So, how about, instead of making a big deal about how good you are or how bad someone else is just because they do X or Y we just judge each piece of advice for each client on whether it makes them better off? If a client is happy they will tell someone else. If they aren’t they will tell multiple people and the consumer groups will use them as a megaphone. That is the reputation issue the industry has.

I would love to see you tolerate any other advice provider’s methods as long as the client is better off.

I want to see you rage against the few doing the wrong thing by their clients.

It’s time to weed those thorns out to save the rest of the crop.

A lot of advice problems have multiple possible solutions and there is sometimes subjectivity in which one is recommended. Get over it. Move on. Call it out and refer it on as FASEA requires if it is not a one-off mistake and is about negative client outcomes. But it’s time to be very, very quiet if it is just about a view of how you think someone should do something. Present a united front for good advice and a united bombing raid against bad advice.

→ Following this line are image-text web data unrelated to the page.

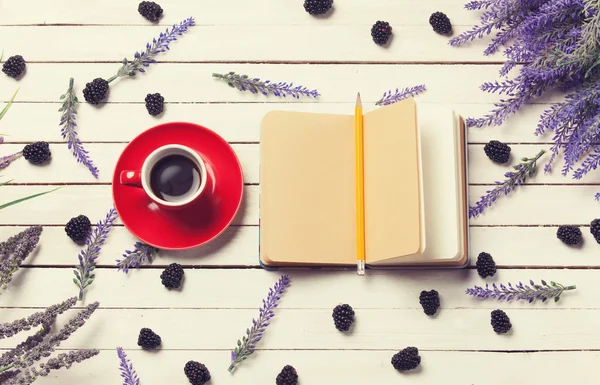 Taza de café y cuaderno — Foto de Stock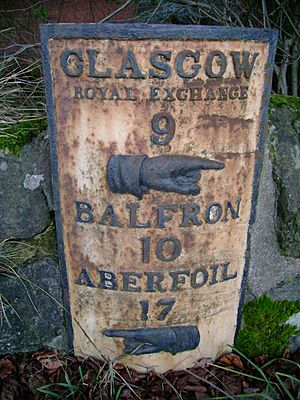 Milepost on A81 - geograph.org.uk - 988577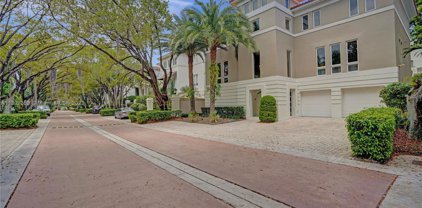 3521 Bayshore Villas Dr, Miami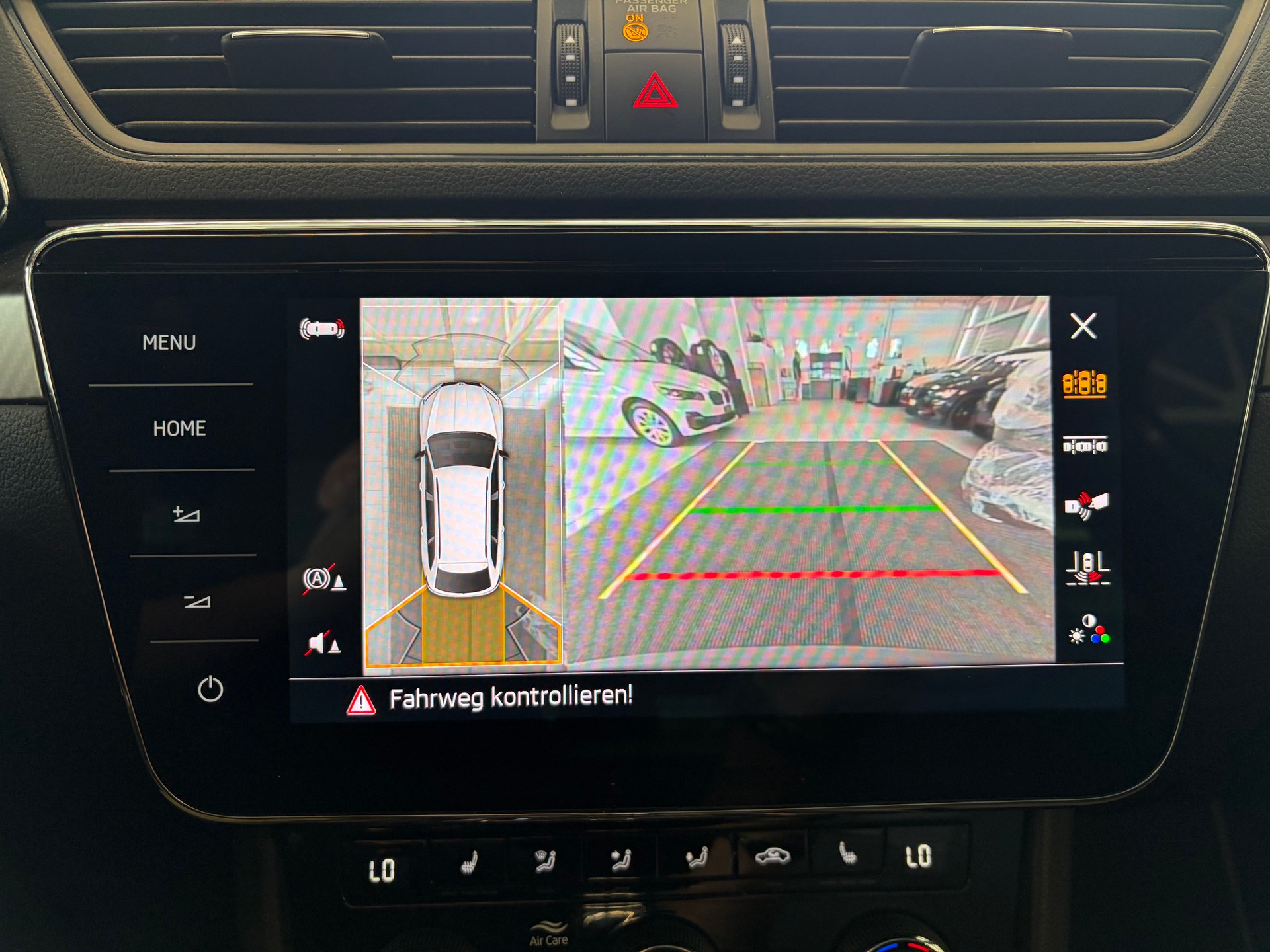 SKODA Superb Combi 2.0 TDi SportLine 4x4 DSG | CH Fzg. | AHK schwenkbar | DCC | Area View | 19" |-image-17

ASIC and government have a fairly obvious agenda that they want scaled back and piecemeal advice offerings as their solution to the problem they have decided we have. They think this is the answer to advice affordability and complexity of regulation. We all know that whilst that service will suit some, it doesn’t suit everyone and certainly not your most engaged clients.

If you want the regulators, consumer groups and Government to provide relief any time in the future, everyone needs to get good advice, not just the lucky majority. Unite and support each other in providing this real solution regardless of method; and take action if you find someone who genuinely doesn’t.